-- Exercise aim --
Every line of the listing below should come back exactly as written, with no images.

-- Dataset excerpt --
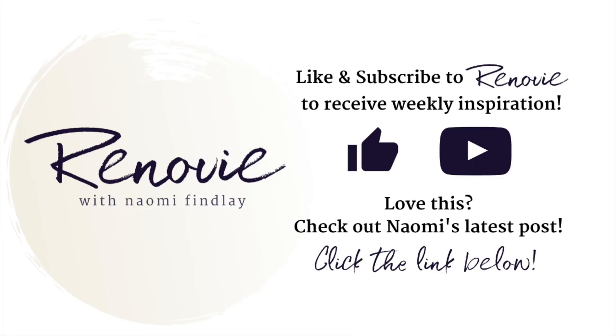Thanks for tuning in. If you loved what you saw in this video, I've popped the link to one of my latest posts below where I go into more detail for you. Enjoy.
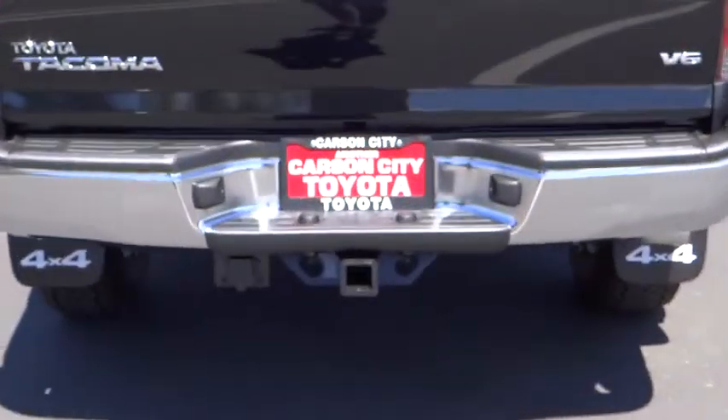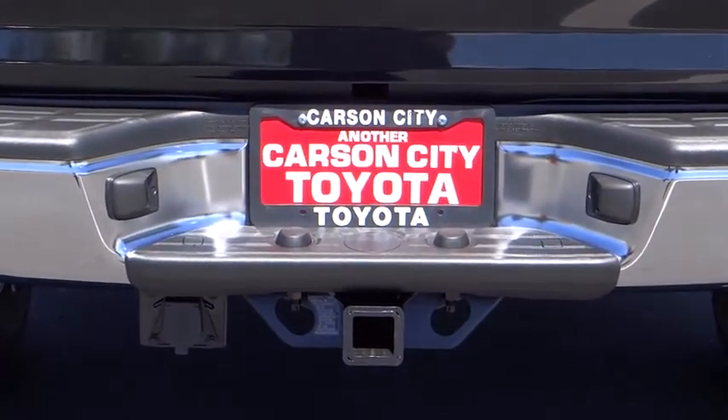A vehicle like this doesn't come along every day. Come in and get it before someone else does.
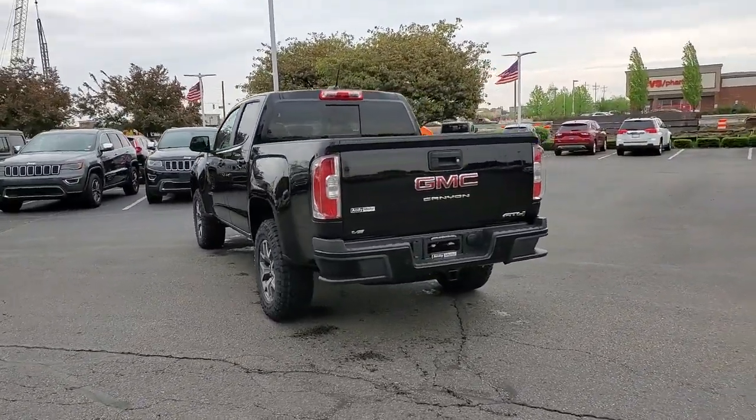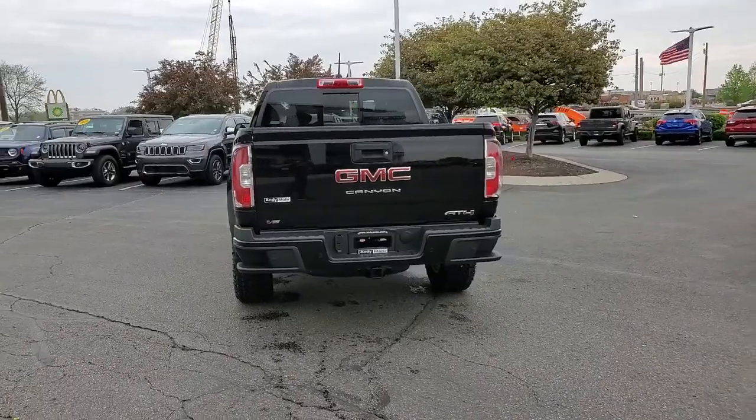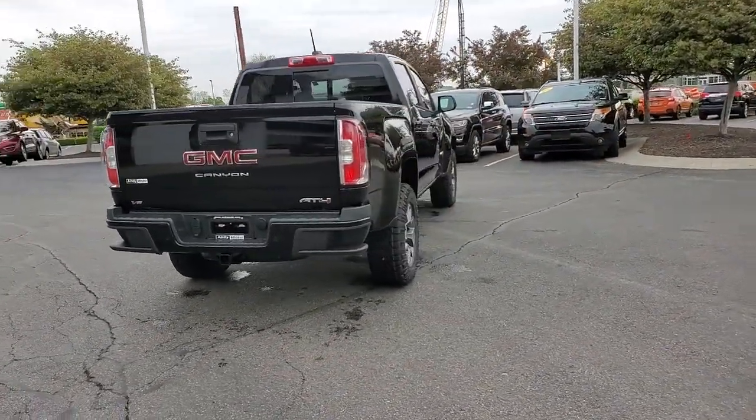Don't miss the opportunity to take this vehicle out for a test drive. Our team will give you an outstanding customer experience. Stop in today.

-- Solved problem --
Thanks for tuning in. If you loved what you saw in this video, I've popped the link to one of my latest posts below where I go into more detail for you. Enjoy.
A vehicle like this doesn't come along every day. Come in and get it before someone else does.
Don't miss the opportunity to take this vehicle out for a test drive. Our team will give you an outstanding customer experience. Stop in today.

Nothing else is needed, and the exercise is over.